Va da sè che la ricostruzione della responsabilità in termini contrattuali anzichè extracontrattuali sarebbe comunque irrilevante per i fini del ribaltamento della decisione impugnata.

2.3. – Il quarto motivo è inammissibile.

Ed infatti il segmento motivazionale concernente la responsabilità di Poste Italiane S.p.A., per aver accettato l’assegno circolare da uno sconosciuto, è chiaramente spiegato ad abundantiam, sicchè la ricorrente è in proposito carente di interesse (Cass. 22 ottobre 2014, n. 22380).
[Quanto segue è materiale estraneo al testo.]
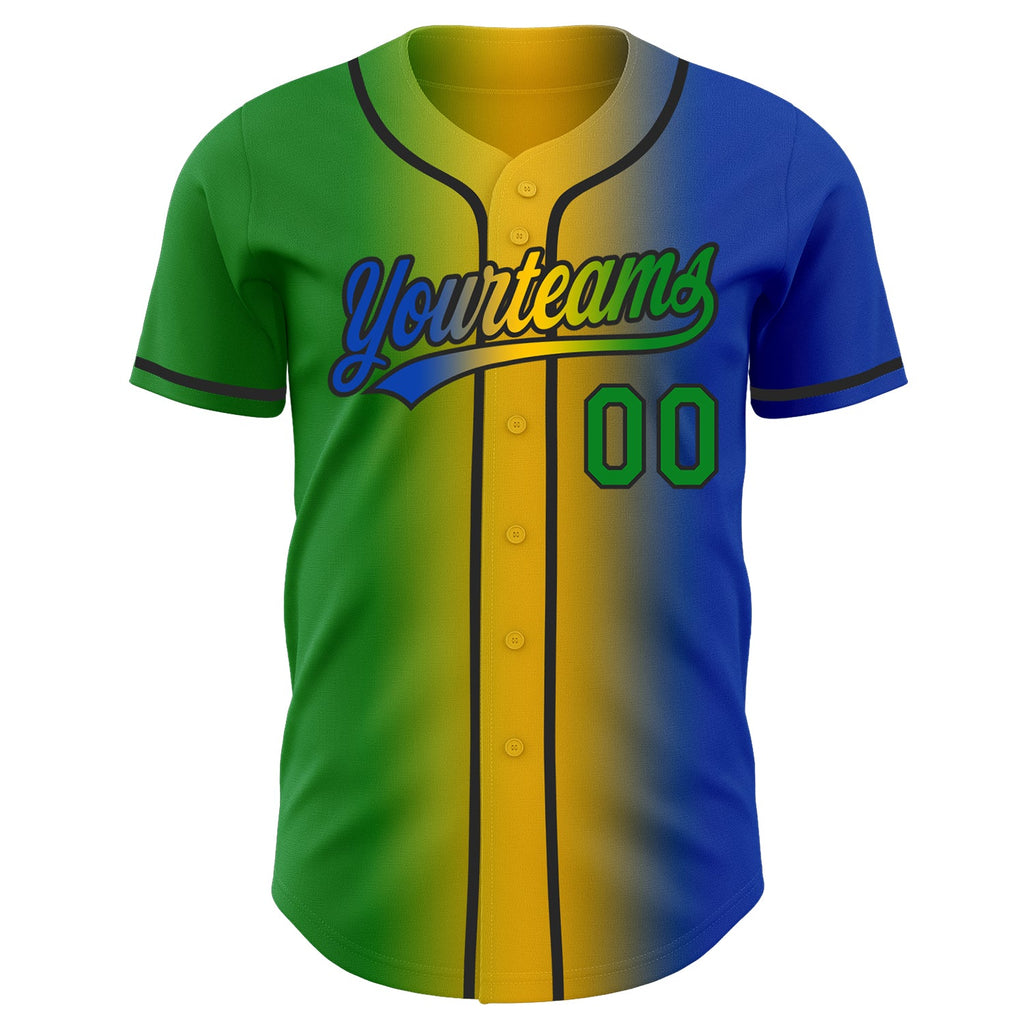 Custom Thunder Blue Grass Green Yellow-Black Authentic Gradient Fashion Baseball Jersey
3. – Le spese seguono la soccombenza.

PQM

dichiara inammissibile il ricorso e condanna la ricorrente al rimborso, in favore della controricorrente, delle spese sostenute per questo giudizio di cassazione liquidate in Euro 2.900,00 di cui Euro 200,00 per esborsi oltre alle spese forfettarie nella misura del 15 per cento ed agli accessori di legge.

Così deciso in Roma, nella camera di consiglio della sezione prima civile, il 30 gennaio 2017.